ManishH wrote:At some level, it is sad to see that the defence of OIT lies in the hand of people unwilling to check basic Sanskrit grammar. And at the same time accuse a scholar like Julius Eggeling who, with the limited resource of 19th century, has devoted his whole life to study of Vedic texts of "no cultural insight". What cultural insight, maharāya, do you show when you fumble at basic 'sup' vibhakti taught in lesson 1 or 2 of Sanskrit ? I suspect it is because you don't like that he was a westerner.
You see when the Kshatriyas of a nation get bought over and co-opted and either they align with the Mughals or they conscript themselves in the British Army as Sepoys, then of course the common farmer would have to pick up the lathi!

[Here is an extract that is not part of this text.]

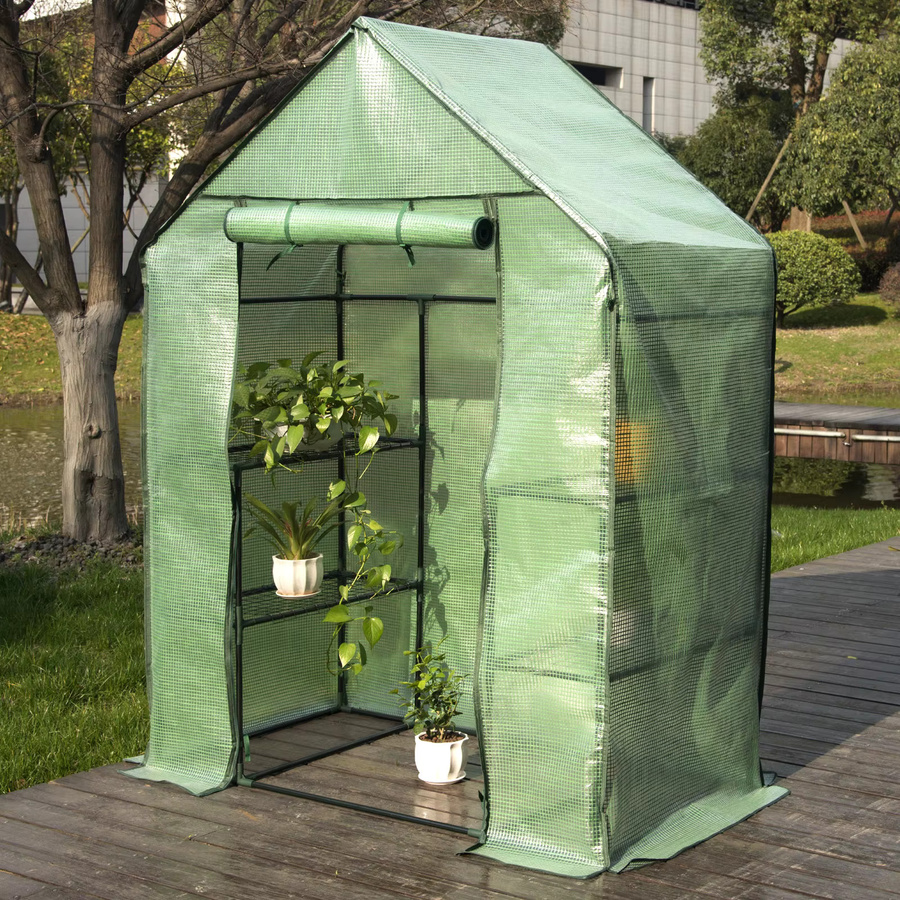 WOLTU Warmfolie-Gewächshaus mit Etagen in Grün für den Gemüse- und Blumenanbau, B/T/H: 215 x 143 x 195 cm - Bild 2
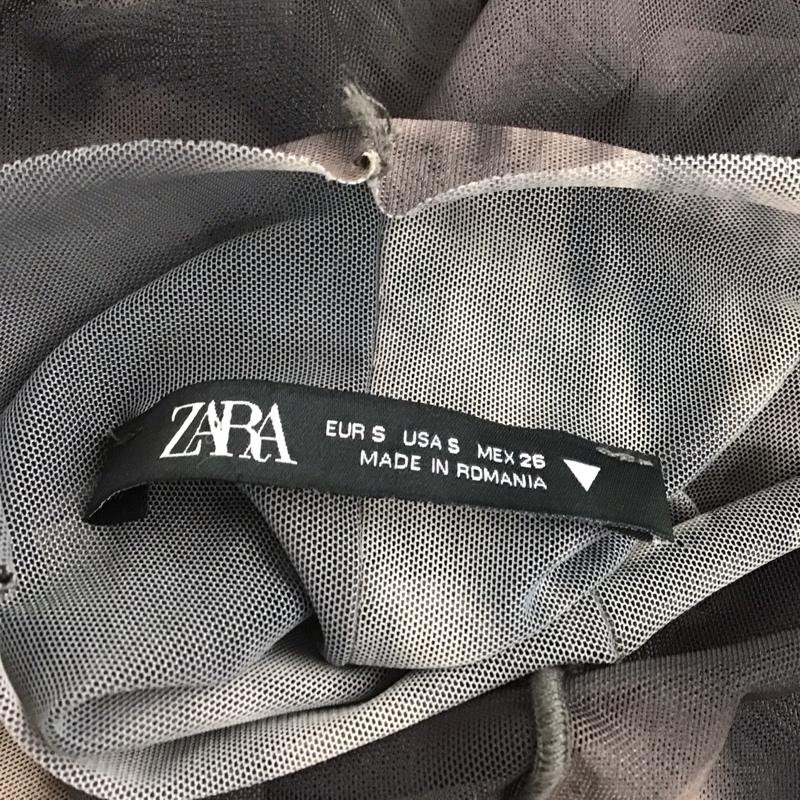 ザラ ZARA ワンピース ロングスカート 長袖 シアー マーブル S 総柄 黒 / ブラック / X ベージュ / ベージュ /  レディース USED 古着 中古 10116671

It is indeed sad as you say!
But the thing is very few on this thread are really claiming to be Sanskrit scholars, so really any rebuke for less than perfect knowledge of Sanskrit by them is nothing more than
'putdown-rhetoric', which one sees so often in the 'Western Sanskritist circles'. It is like hitting a baby in the face and saying one is strong!
In India there has been almost zero research in comparative and historical linguistics which involves non-Indic languages, and if there has been any, Indian academics have really taken over what the racist Westerners had fabricated earlier, all in the Macaulayist submissive manner! The Indian political leadership has simply not deemed it important to encourage this field of study, and the various traditional Sanskrit scholars in India are not acclimatized to an academic environment of peer reviews and Western accredited scholarship.
It is indeed sad as you say!
So no, Sanskrit may not be the strong point of many of us here, nor do we claim it to be so, but what 'Indigenists' do have is logic on their side, enough logic to see when some fakeology is being promoted in the name of scholarship!
The biggest in-the-face-glaring fakeology starts with the Language Tree itself! It is nice that the linguists have tried to decorate it like a Christmas Tree, but it is a fake plastic tree!
Where in the tree are all the languages which were spoken in Europe before the arrival of the "Indo-Europeans" there? Why is Basque an isolate? What is the history of the substrates in various Germanic languages? Why are Hindi, Gujarati, Bengali, Punjabi all daughters of Sanskrit?
The whole common origin theory of Proto-Indo-European is really nonsense because that flies in the face of how languages develop. It would be far more a bidirectional graph than a hierarchy!
So if the basic model of European linguistics is wrong, how is one to evaluate the sciences of such a community. Of course as fakeology, because the whole effort of these linguists is channelized in upholding this unnatural tree, a simplistic thinking which grew out of the simple minds of the 19th century European scholars!
On the other hand it must also be said, that linguistics can be used to show commonality relationships between various languages, and perhaps their evolution, but never evolution as long as they adhere to linear sound-change evolution models.
The biggest fakeology is
"Common Source == Single Source"!
So what the farmers with their lathis are going to do is to improve their martial skills and with time bring down the AIT fortress based on make-believe scholarship!
The Sikhs did it once with arms, and Indics too though yet not learned in the ways and 'sorcery'

of the Western 'Sanskritists' can do so by nibbling at their foundations with teeth of logic!
Somebody please give me a prize for corny rhetorical poetry - the Zafar Shamsheer Prize would be good!